All of these are traits hold true in mathematics: for example, “prime” has many meanings, “interesting” has no fixed meaning, “abstract” may have an inexact meaning, and examples of adaptivity have already been given. In typed functional programming, the fold operation (and other parametrically polymorphic operations) can have many meanings, shadowing makes it possible for a name to have localized and global meanings, and the meaning of words such as “authorised” or “valid” may change as more moves are made. Yet, just as in the case of a language-game, essential meaning is preserved despite—and sometimes because of—ambiguity.

Mathematical blocks do not appear to have any explicitly described counterpart in the philosophy of language-games. However, Philosophical Investigations consists of numbered paragraphs which are set up such that they may reference each other, thus implicitly taking on a structure of blocks and cross-references. It can therefore be said that a paragraph is analogous to a block, and the structure of the text forms a presupposition [43, par. 31] that is important for the semantics of the text. On the mathematical side, the importance of blocks in structuring mathematical language is overwhelmingly clear: there are few mathematical texts that do not follow this convention, and cross-referencing between blocks is critical. Similarly, the importance of numbered paragraphs in Wittgenstein’s own implicit language game is critical for cross-referencing purposes.

On the typed functional programming side, a plausible analogue is ostensibly the abstraction of packages/modules/namespaces which most languages have. This analogue is not without its problems, however: such containers may be used to package a wide variety of functionality from GUI components to algorithms to service interfaces.
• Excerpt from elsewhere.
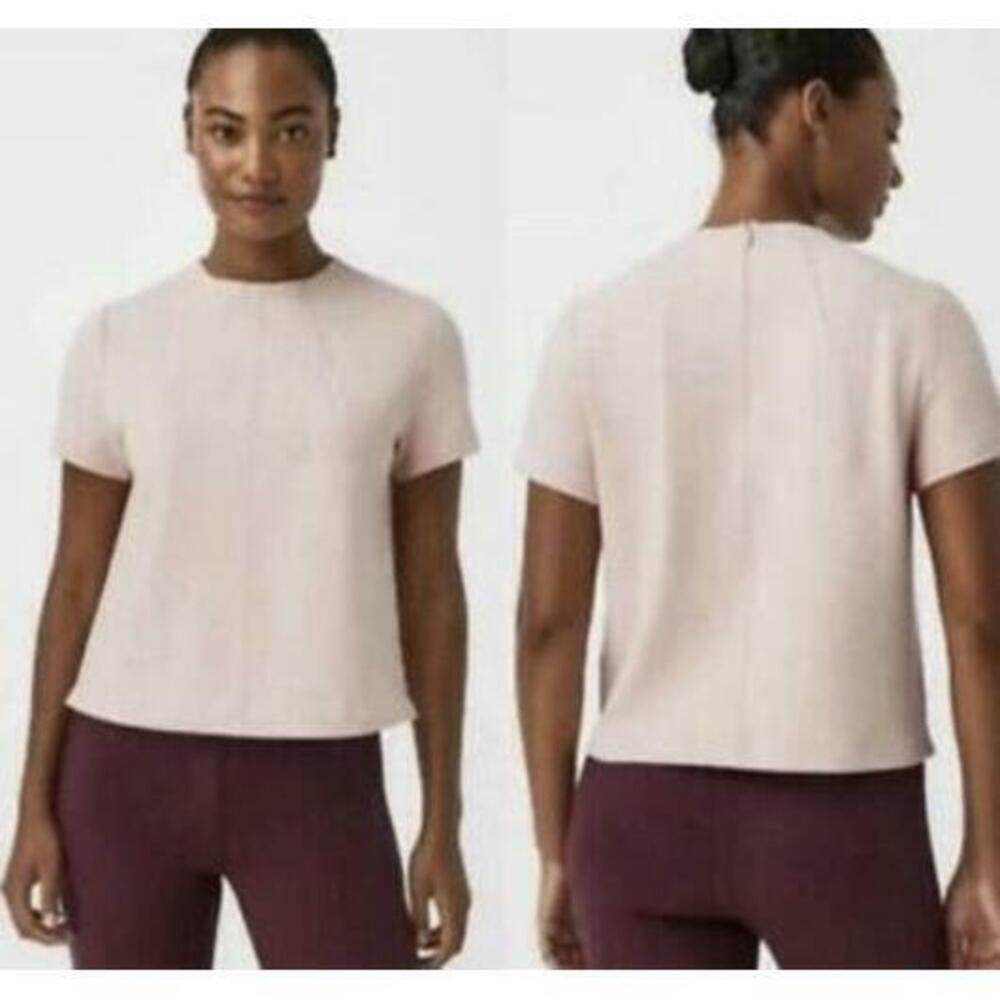 SPANX Women's Funnel Top Pale Pink Short Sleeve M NWT - Picture 2 of 4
It seems unreasonable to insist that each of these forms is either the same as all the others, or to create distinctions—with no principled basis—between “kinds” of containers. There therefore appears to be no direct analogue for mathematical blocks.
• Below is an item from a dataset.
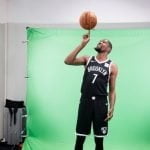 Kevin Durant receives a million dollars from the Nets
Mathematical rhetoric is used to form sentences through which “moves” are made within the language-game of mathematical language. Rhetoric links blocks, which delineate an overall structure, and argumentation together, building on already-demonstrated results to develop a richer mathematical narrative. Types and functions perform a similar role in typed functional programming; see, for example, [44] where functions are used to transform types (and hence meaning) from more basic forms to more sophisticated ones. Types naturally encode rhetorical “sum type” and “product type” constructs, and functions naturally encode the rhetorical constructs of “presupposition” (as logic) and “conclusion” (as return values). However, simple functions and types do not allow one to express general narratives such as “Any valid calculation must remain within particular bounds”. Parametrically polymorphic types, combined with functions that obey certain “laws” by convention, give rise to applicative functors, monads, and other such constructs. These constructs can be used to express richer narratives. Ironically, these constructs can also be formidable barriers to understanding. The fundamental issue, covered well in [31], is subtle but pervasive throughout typed functional programming: abstract knowledge of parametrically polymorphic functions and the transformations that they potentially enable is not sufficient to combine them sensibly or construct a cohesive narrative from them. The typed functional programming domain has many ways to describe functions and transformations (lambda, higher-order, functor, applicative, arrow, ...) but no way to describe how to link these into a cohesive narrative. The “moves” made by sophisticated typed functional narratives are difficult to discern because a design-relevant rhetoric to describe those moves is almost entirely missing.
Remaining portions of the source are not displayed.